Your answer must consist of the records below, reproduced exactly, with every picture removed.
(SUPPLIED RECORDS Opens)
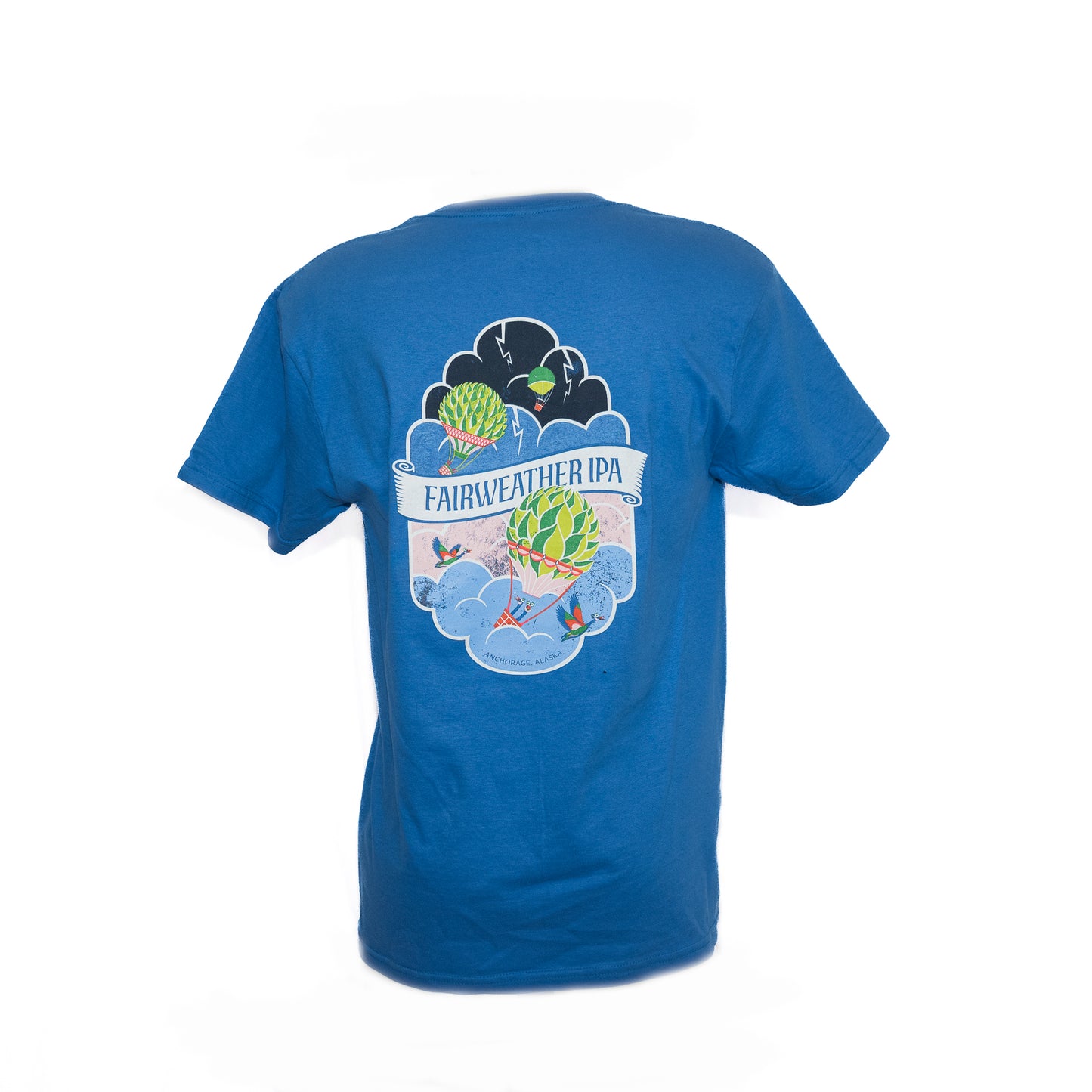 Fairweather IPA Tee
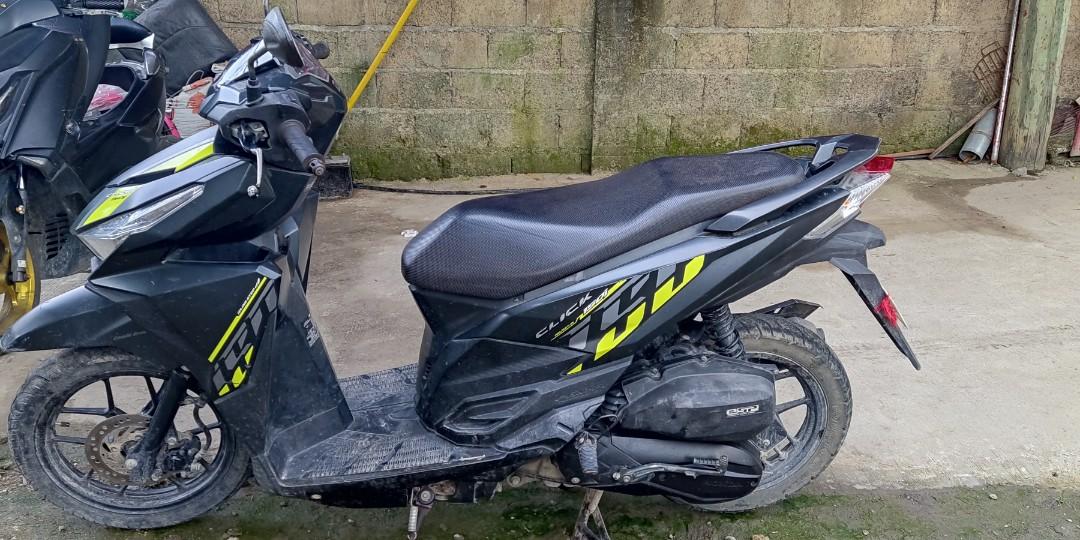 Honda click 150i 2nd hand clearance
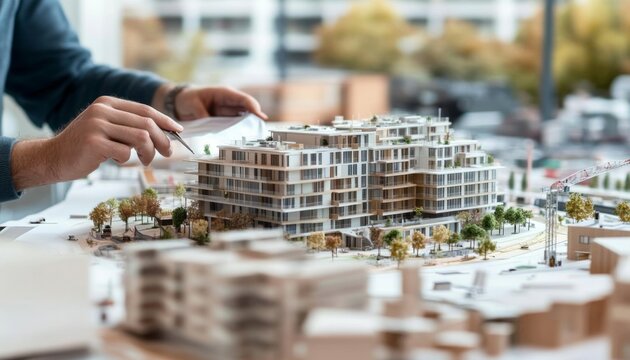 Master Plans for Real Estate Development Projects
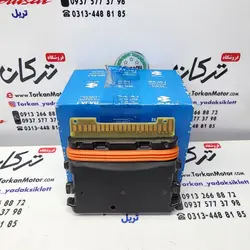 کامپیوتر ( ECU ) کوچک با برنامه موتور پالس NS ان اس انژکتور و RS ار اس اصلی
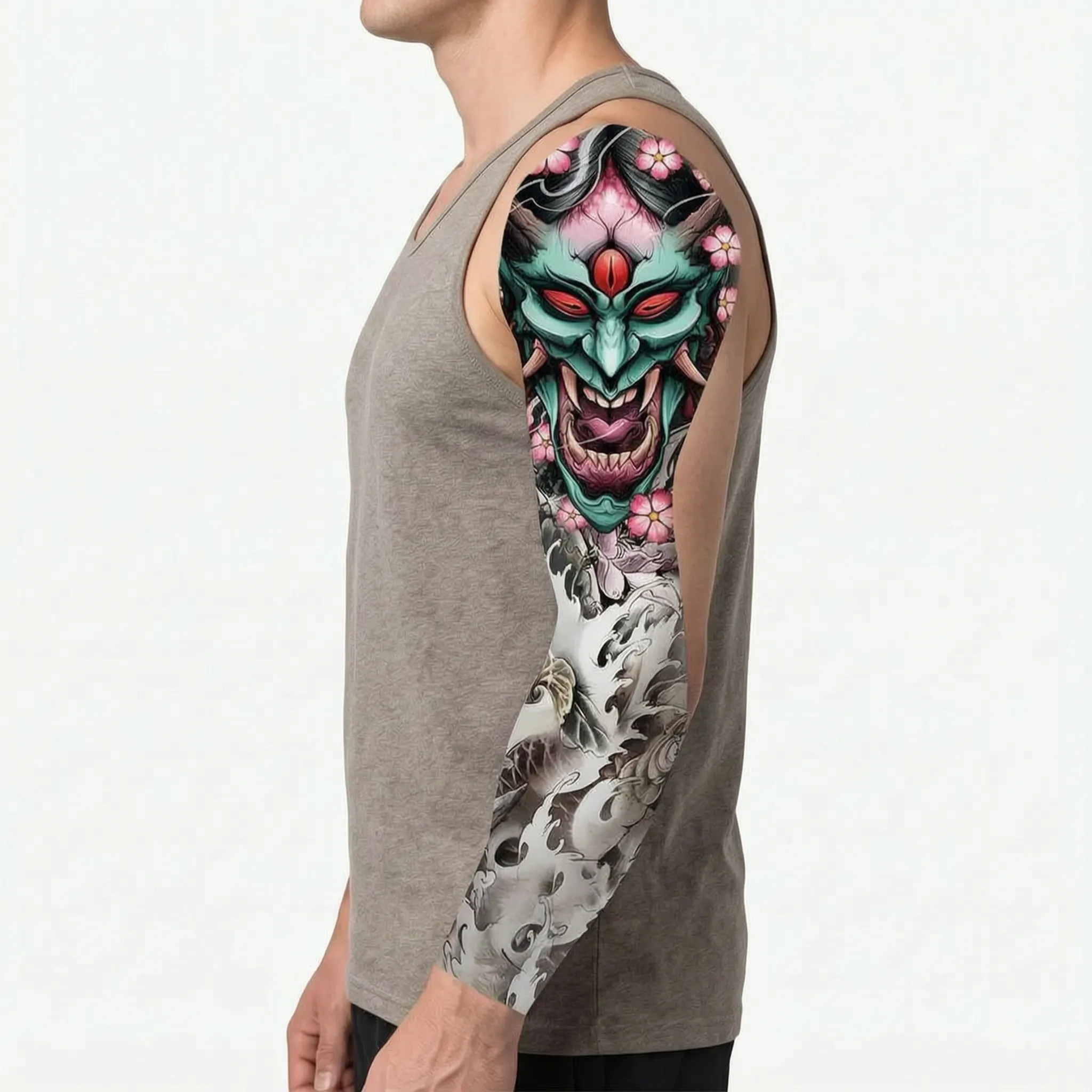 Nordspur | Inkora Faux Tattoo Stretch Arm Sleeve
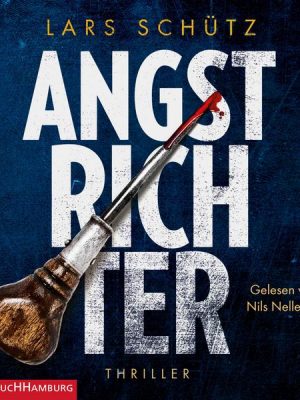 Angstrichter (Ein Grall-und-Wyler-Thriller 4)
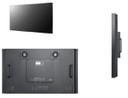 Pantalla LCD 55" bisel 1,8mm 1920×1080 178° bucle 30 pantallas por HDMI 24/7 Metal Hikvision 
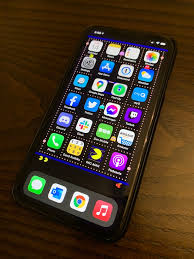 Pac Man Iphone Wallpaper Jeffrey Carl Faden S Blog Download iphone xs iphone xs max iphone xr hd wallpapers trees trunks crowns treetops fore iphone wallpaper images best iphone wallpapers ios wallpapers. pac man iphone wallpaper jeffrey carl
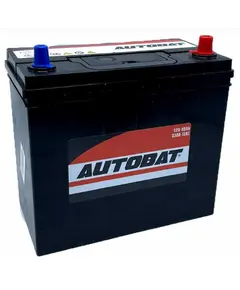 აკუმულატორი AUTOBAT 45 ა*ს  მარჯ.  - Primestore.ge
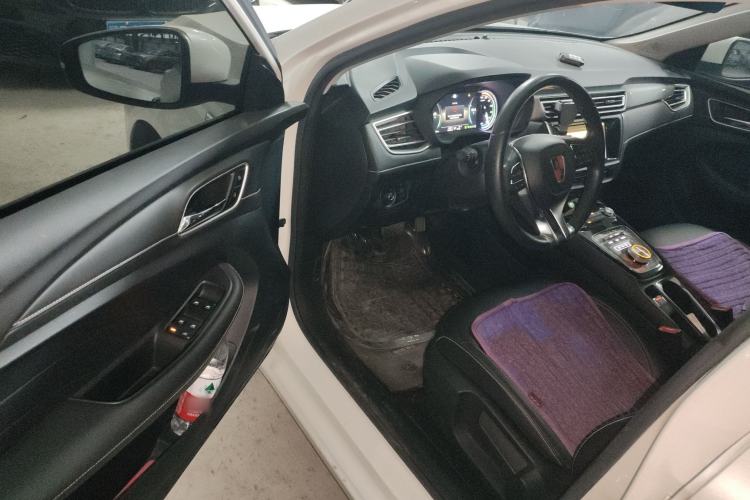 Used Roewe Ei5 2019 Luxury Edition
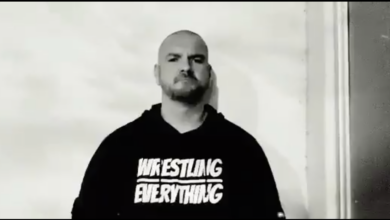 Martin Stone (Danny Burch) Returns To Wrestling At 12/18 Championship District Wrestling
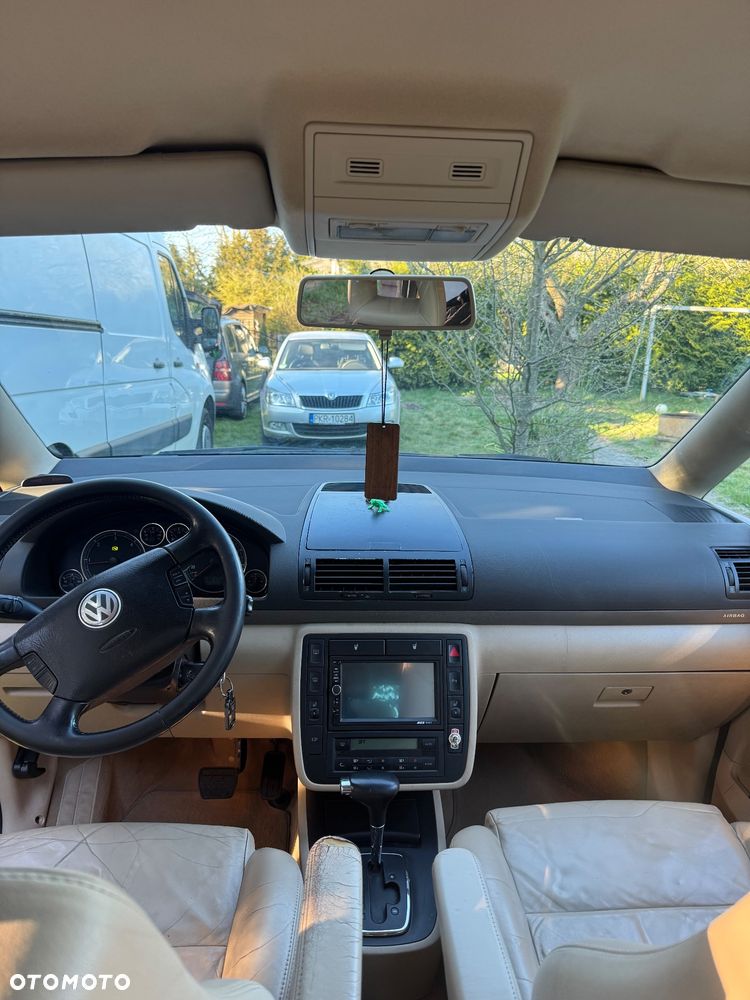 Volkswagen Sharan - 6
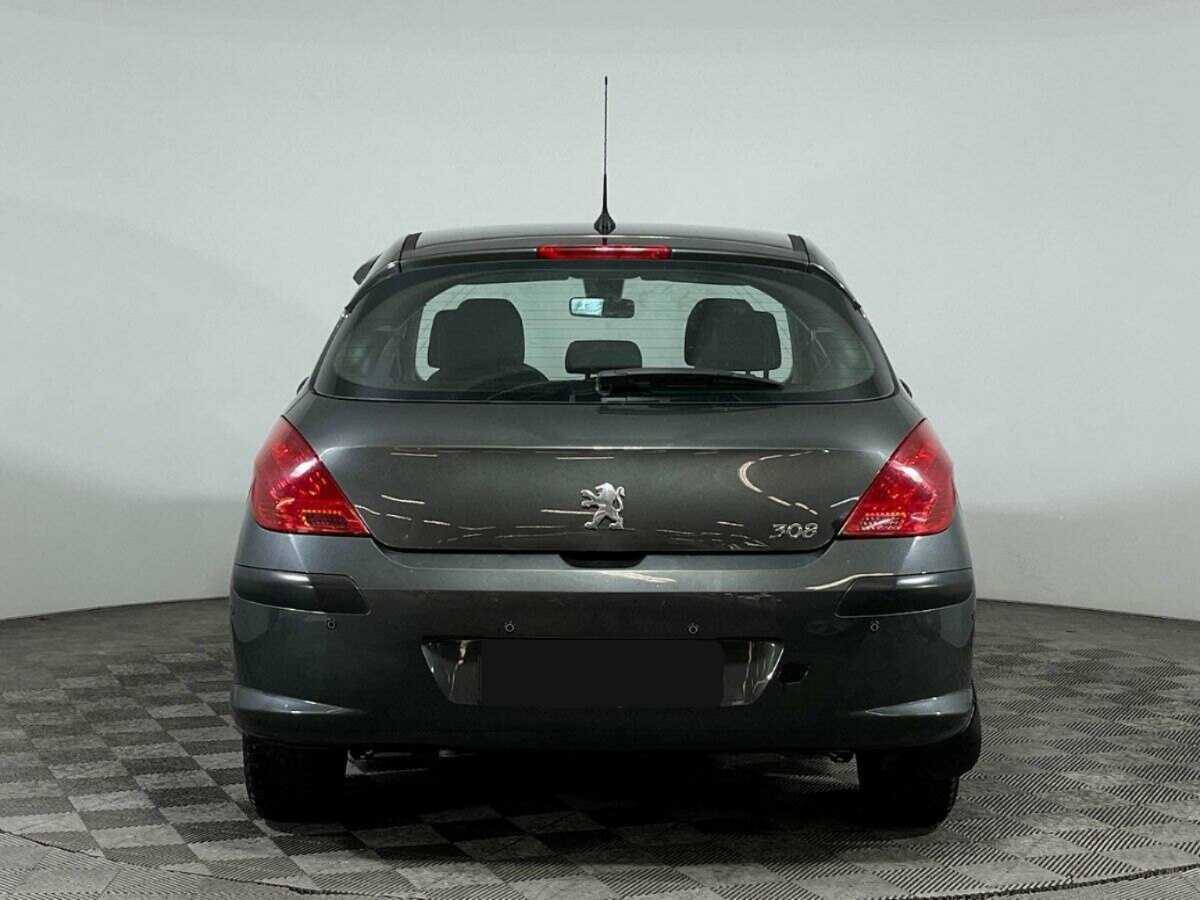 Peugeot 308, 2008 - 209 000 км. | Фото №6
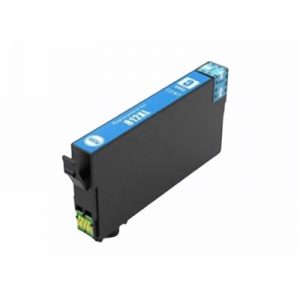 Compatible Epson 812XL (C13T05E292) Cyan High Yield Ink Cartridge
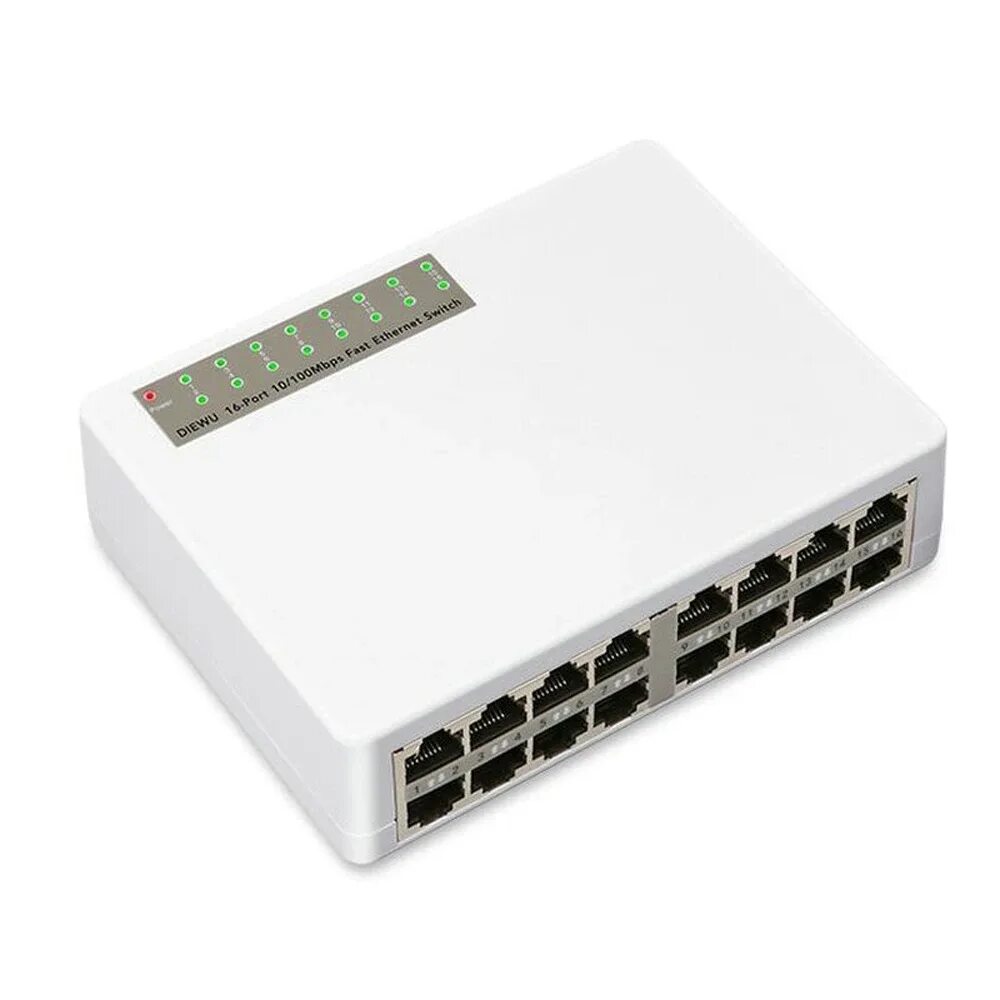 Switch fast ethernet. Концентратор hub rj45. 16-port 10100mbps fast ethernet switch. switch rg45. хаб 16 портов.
(SUPPLIED RECORDS Closes)
▶ **RESPONSE TO THE EXERCISE**:
 Fairweather IPA Tee
 Honda click 150i 2nd hand clearance
 Master Plans for Real Estate Development Projects
 کامپیوتر ( ECU ) کوچک با برنامه موتور پالس NS ان اس انژکتور و RS ار اس اصلی
 Nordspur | Inkora Faux Tattoo Stretch Arm Sleeve
 Angstrichter (Ein Grall-und-Wyler-Thriller 4)
 Pantalla LCD 55" bisel 1,8mm 1920×1080 178° bucle 30 pantallas por HDMI 24/7 Metal Hikvision 
 Pac Man Iphone Wallpaper Jeffrey Carl Faden S Blog Download iphone xs iphone xs max iphone xr hd wallpapers trees trunks crowns treetops fore iphone wallpaper images best iphone wallpapers ios wallpapers. pac man iphone wallpaper jeffrey carl
 აკუმულატორი AUTOBAT 45 ა*ს  მარჯ.  - Primestore.ge
 Used Roewe Ei5 2019 Luxury Edition
 Martin Stone (Danny Burch) Returns To Wrestling At 12/18 Championship District Wrestling
 Volkswagen Sharan - 6
 Peugeot 308, 2008 - 209 000 км. | Фото №6
 Compatible Epson 812XL (C13T05E292) Cyan High Yield Ink Cartridge
 Switch fast ethernet. Концентратор hub rj45. 16-port 10100mbps fast ethernet switch. switch rg45. хаб 16 портов.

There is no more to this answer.